Зато Лоранд, сверкнув глазами, выплеснул свой стакан прямо в лицо принявшему непринуждённую позу светскому хлыщу. Тёмно-красное вино потекло по его белому вышитому жилету.
— Спорить с людьми в подобном состоянии не имеет смысла, — стирая салфеткой с лица следы этого поношения, произнёс Дяли с небрежной холодностью. — На оскорбления пьяных я не отвечаю.
И попятился к выходу.
Скованные изумлением присутствующие ему не препятствовали. Стряхнув опьянение, они в первую минуту растерялись, не зная, как поступить и что делать.
Но я-то, я был трезв, мне не надо было стряхивать опьянение.
Вскочив и одним прыжком настигнув беглеца, схватил я его за шиворот, словно разъярённый тигр какого-нибудь жалкого мышонка.
— Я, я не пьяный! Я вообще не пью, и ты это знаешь! — возопил я, сам себя не узнавая, и притиснул к стене негодяя, который затрепыхался, как пойманный нетопырь. — Я, я дам тебе по физиономии за эту твою фальшивку, негодяй!

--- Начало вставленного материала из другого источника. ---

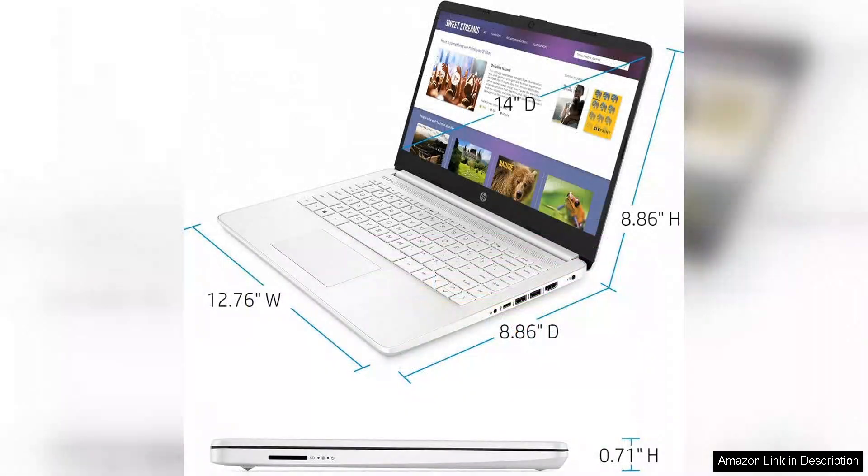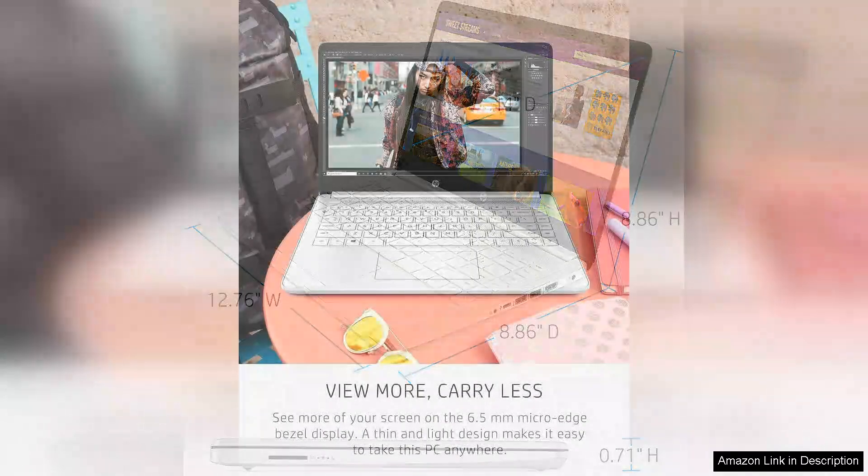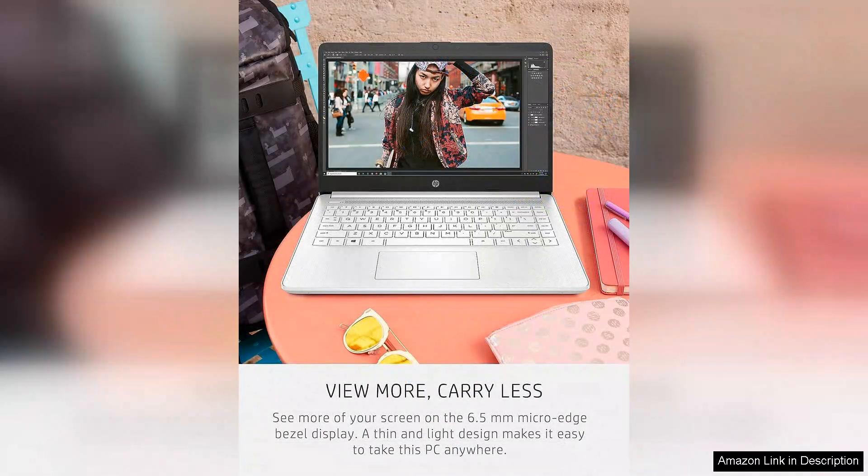Battery life is another strong point. The AT14 lasts through long study sessions or work days without needing a charge. Plus, the fast charging capability ensures you can get back to work quickly if you do run low on power.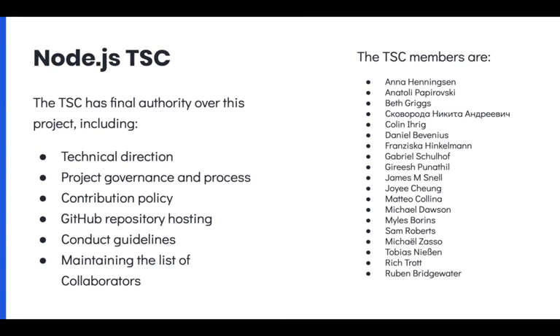This is the list of the Node.js TSC — the Technical Steering Committee. The Technical Steering Committee has final authority on technical direction, governance, and contribution policy. It's a huge list of people. I'm part of the Node.js TSC, so thank me as well. These are the people responsible for Node.js.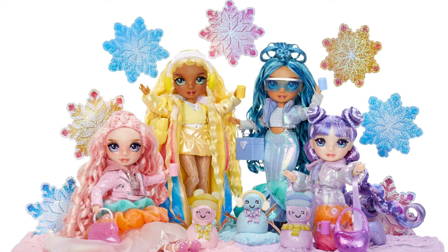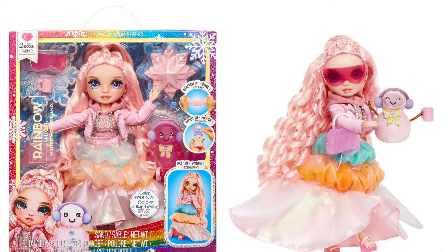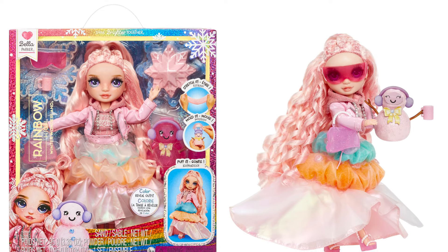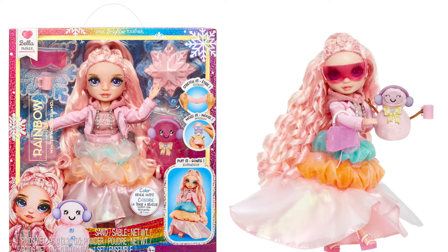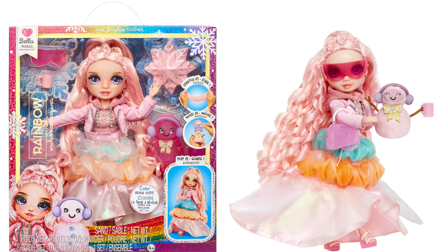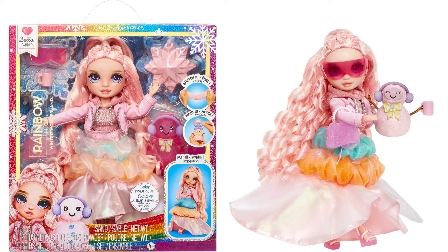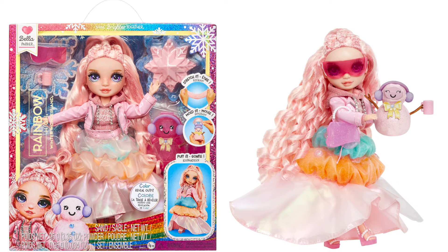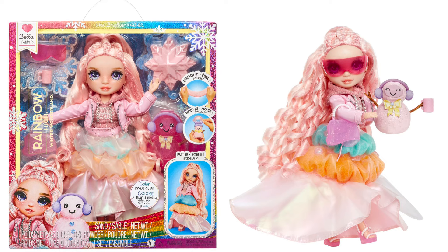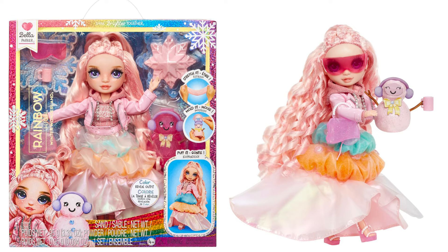First off, here is Bella. This is actually her first doll in the Rainbow High rebrand. We're still waiting on her Slime Core doll — Poppy's shoe got leaked which is a good sign, and hopefully Bella is also coming with Poppy to the Slime Core line eventually. But for now, this is the Bella we have as part of the Rainbow World rebrand.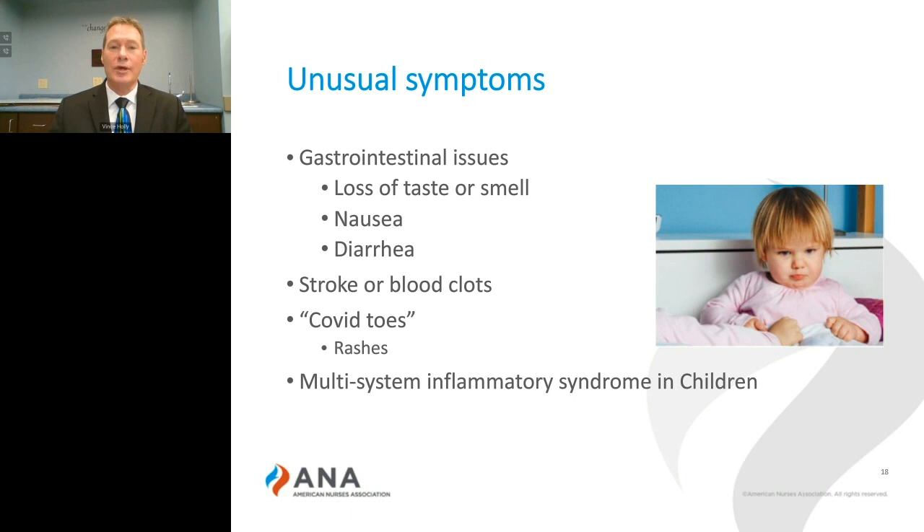We're also seeing stroke and blood clots in otherwise healthy young adults. COVID toes — a purple discoloration appearing like frostbite on the periphery of individuals — along with rashes. We're seeing this as a sign and symptom.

Хорошо знаю, что мой удар был бы для него последним — скорее к моему, чем к его несчастью, не окажись рядом мой добрый гений, не удержи меня от недостойной расправы.
Кто-то вдруг поймал меня сзади за поднятую руку. Стоило мне глянуть — и кулак мой опустился сам собой.
Это была Фанни.
— Деже! — с искажённым от ужаса лицом вскричала моя сговорённая. — Эта рука — моя! Ты не имеешь права её марать!
Она была права. Я позволил обуздать себя, смирил свой яростный гнев, вытолкнув за дверь трясущегося негодяя — не знаю уж, упал он или нет. И обернулся, чтобы принять Фанни в свои объятия.
К тому времени проникли в залу и маменька с бабушкой.
Весь этот мучительный вечер бедные женщины провели у себя в комнате, стараясь сидеть как можно тише, чтобы не выдать своего присутствия и услышать хотя бы Лорандов голос. С дрожью внимали они и ужасной заключительной сцене, слыша уже не только голос, но и каждое слово — а при моих исступлённых восклицаниях не могли больше вытерпеть: выбежали и стали пробиваться к Лоранду с криком: «Детка! Сыночек мой!»
Все вскочили при этом достойном величайшего уважения зрелище. Две коленопреклонённые женщины пред восставшим из гроба юношей.
Хмель и вызванное потрясающей неожиданностью оцепенение прошли.
Маменька с душераздирающими криками: «Лоранд! Лоранд!» — прижимала к себе сына. Бабушка молча гладила, пожимала его руки, не в силах ни зарыдать, ни слово вымолвить.
— Милый, дорогой Лоранд…
Брат поднял обеих женщин, подвёл ко мне.
— Его обнимайте, не меня. Вот кто победитель!
И тут он заметил припавшего ко мне ангела-хранителя, всё не выпускавшего мою руку. Теперь только достигли его сознания выдавшие наш с Фанни секрет слова: «Это рука моя».
— Вот оно что, — улыбнулся он мне. — Ты, значит, уже вознаграждён!.. Хорошо, предоставь тогда плачущих мне.
И он бросился к ногам усталых женщин, благоговейно обнимая их колени, чувствуя себя недостойным даже след их поцеловать.